Question 1: With the babies data set, investigate whether there is a correlation between mother’s weight and the gestation length.

data1<- filter(babies, !is.na(weight) & !is.na(gestation))
 cor(data1$weight,data1$gestation)

## [1] 0.02236553

  ggplot(data1, mapping = aes(weight, gestation)) + geom_smooth() + geom_point() +
    labs(title = "Weight vs Gestation length", x = "Weight in pounds",y = "Gestation length in days") +
  theme(plot.title = element_text(hjust = 0.5, size = rel(1.5)), axis.title= element_text(size = rel(1.1)))

## `geom_smooth()` using method = 'gam' and formula = 'y ~ s(x, bs = "cs")'

Answer: There is no correlation between the two variables from the graph and the correlation value.

Question 2: Investigate all factors of mother in the data set to see which factor may have an non-negligible correlation with the gestation length.

my_data <- select(babies,gestation,parity,age,height,weight,smoke)
ggpairs(my_data)

data1 <- babies$gestation[babies$smoke == 0]
data2  <-babies$gestation[babies$smoke == 1]
t.test(data1, data2)

## 
##  Welch Two Sample t-test
## 
## data:  data1 and data2
## t = 2.3939, df = 1092.6, p-value = 0.01684
## alternative hypothesis: true difference in means is not equal to 0
## 95 percent confidence interval:
##  0.3981501 4.0173229
## sample estimates:
## mean of x mean of y 
##  280.1869  277.9792

Answer: The variable “smoke” is non-negligible variable with the gestation length according to the t test, and all other variables(numerical) show no non-neglibible correlation with the gestation length according to the graph.

Question 3: Investigate all factors in the data set to see which factor may have an non-negligible correlation with the birthweight of babies.

my_data <- select(babies,bwt, gestation, parity,age,height,weight,smoke)
ggpairs(my_data)

data1 <- babies$bwt[babies$smoke == 0]
data2  <-babies$bwt[babies$smoke == 1]
t.test(data1, data2)

## 
##  Welch Two Sample t-test
## 
## data:  data1 and data2
## t = 8.5813, df = 1003.2, p-value < 2.2e-16
## alternative hypothesis: true difference in means is not equal to 0
## 95 percent confidence interval:
##   6.89385 10.98148
## sample estimates:
## mean of x mean of y 
##  123.0472  114.1095

Answer: The variable “smoke” has non-negligible correlation with the birthweight according to the t test, gestation length also has a non-negligible factor to the birthweight,all other variable didn’t show strong correlation with birthweight according to the graph.

2. Data set `bank_data`

library(tidyverse)
library(openintro)
library(GGally)
bank_data <- read_csv("BankChurners.csv")

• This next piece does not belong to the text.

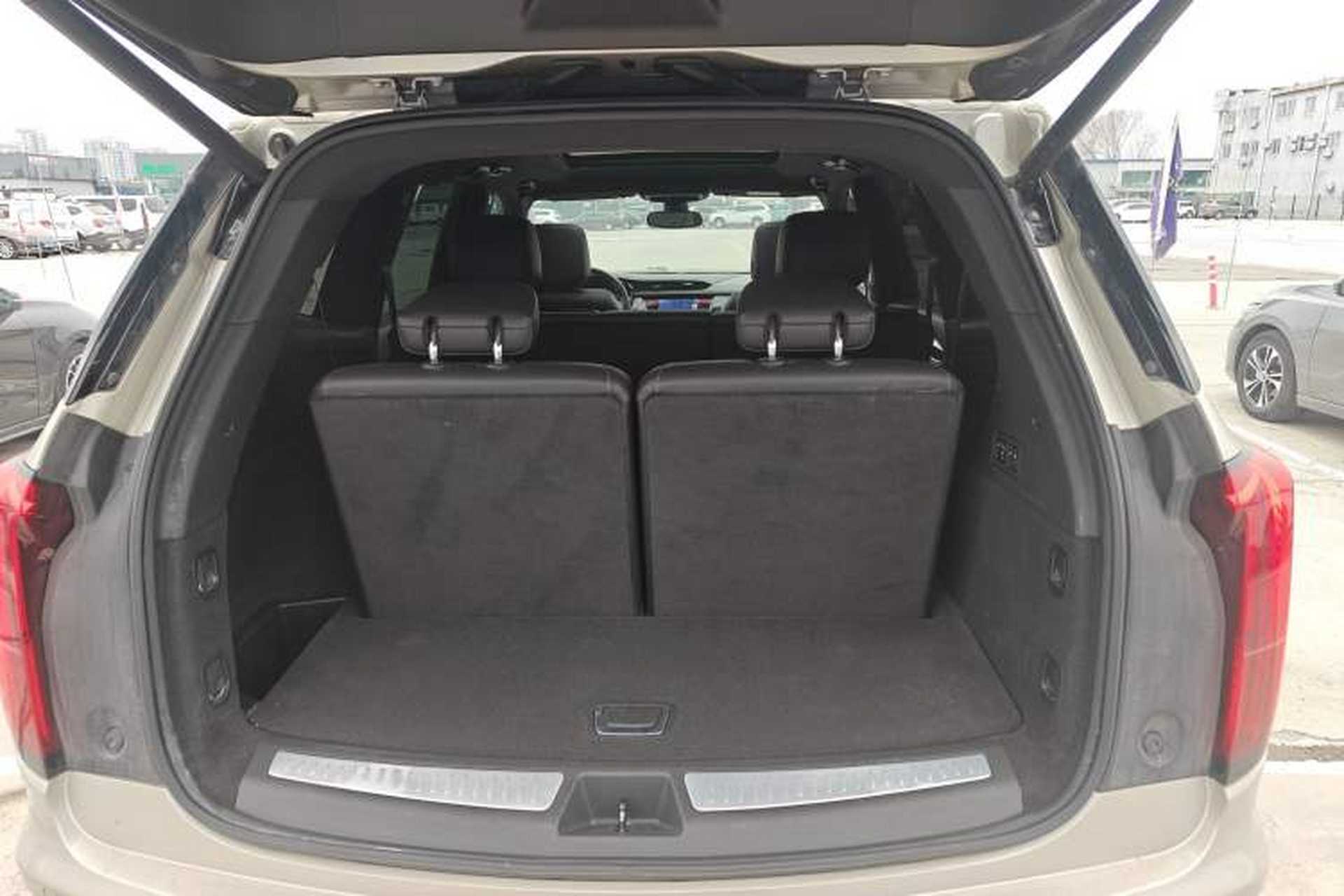 Used Cadillac XT6 2021 2.0T 7-Seater Four-Wheel Drive Luxury Version Trunk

Question 1: Find two numeric variables that are highly correlated by checking the correlation coefficient. Then create a graph to illustrate that.

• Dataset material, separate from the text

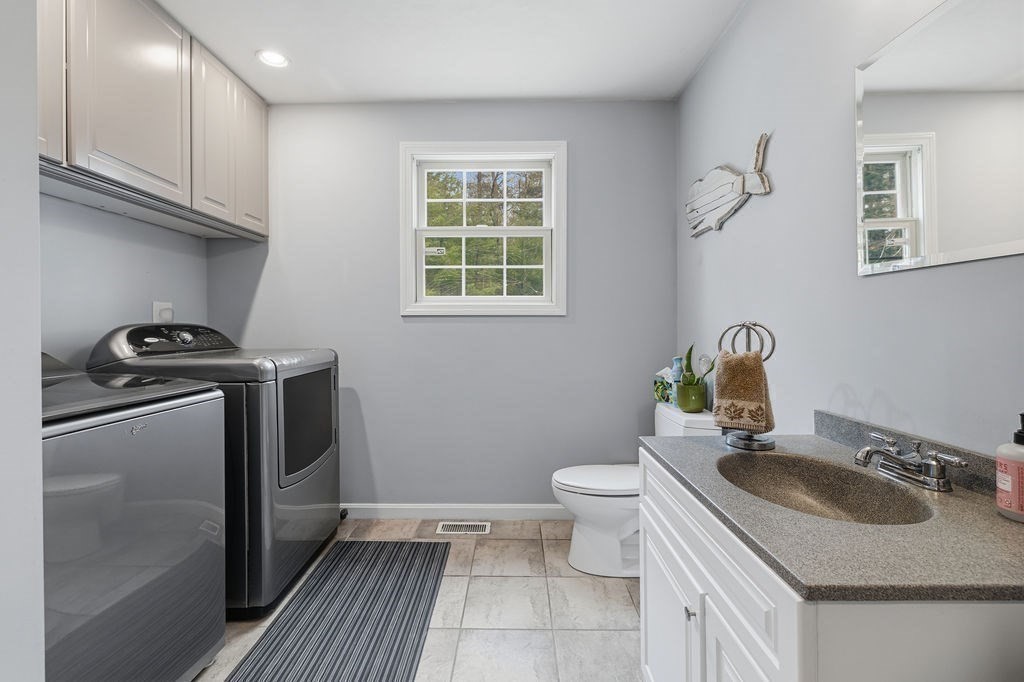 159 High Street Carver, MA 02330 - Photo 13 of 35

my_data <- select(bank_data, Customer_Age,Dependent_count,Months_on_book,Total_Relationship_Count,Months_Inactive_12_mon, Contacts_Count_12_mon,Credit_Limit,Total_Revolving_Bal, Avg_Open_To_Buy,Total_Amt_Chng_Q4_Q1 ,Total_Trans_Amt ,Total_Trans_Ct,Total_Ct_Chng_Q4_Q1,Avg_Utilization_Ratio ,Naive_Bayes_Classifier_Attrition_Flag_Card_Category_Contacts_Count_12_mon_Dependent_count_Education_Level_Months_Inactive_12_mon_1 , Naive_Bayes_Classifier_Attrition_Flag_Card_Category_Contacts_Count_12_mon_Dependent_count_Education_Level_Months_Inactive_12_mon_2)
ggpairs(my_data)

ggplot(bank_data, mapping= aes(Customer_Age, Months_on_book)) + geom_point() + geom_smooth() + labs(title = "Customer age vs Relation with bank by month", x = "Customer age",y = "Relationship length in month") +
  theme(plot.title = element_text(hjust = 0.5, size = rel(1.5)), axis.title= element_text(size = rel(1.1)))

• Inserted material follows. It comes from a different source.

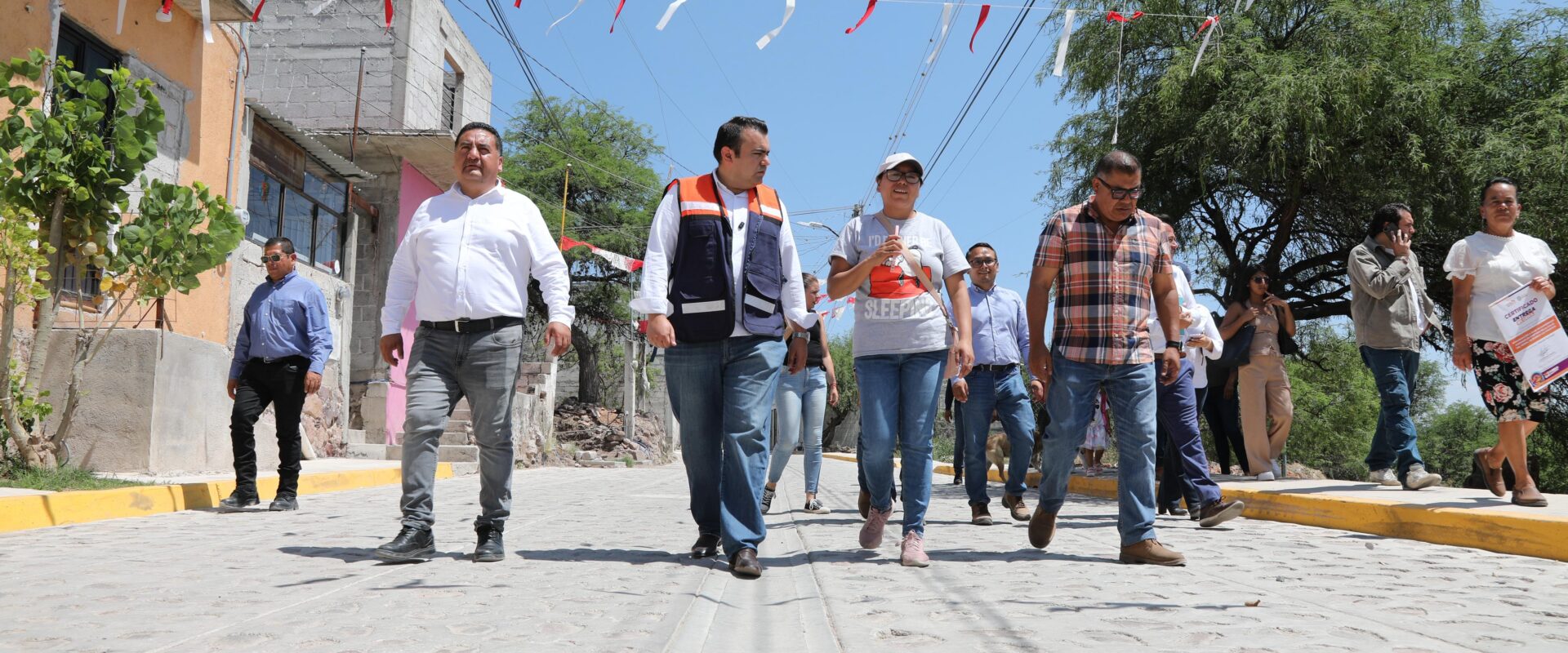 Alcalde Gaspar Trueba Aperturó la Urbanización de Calle en Las Crucitas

ggplot(bank_data, mapping= aes(Credit_Limit, Avg_Open_To_Buy)) + geom_point() + geom_smooth() + labs(title = "Credit Line vs Available line of credit", x = "Credit limit",y = "Available credit line") +
  theme(plot.title = element_text(hjust = 0.5, size = rel(1.5)), axis.title= element_text(size = rel(1.1)))

ggplot(bank_data, mapping= aes(Total_Trans_Amt , Total_Trans_Ct )) + geom_point() + geom_smooth() + labs(title = "Total_Trans_Amt vs Total_Trans_Ct", x = "Total Transaction amount",y = "Total Transaction count") +
  theme(plot.title = element_text(hjust = 0.5, size = rel(1.5)), axis.title= element_text(size = rel(1.1)))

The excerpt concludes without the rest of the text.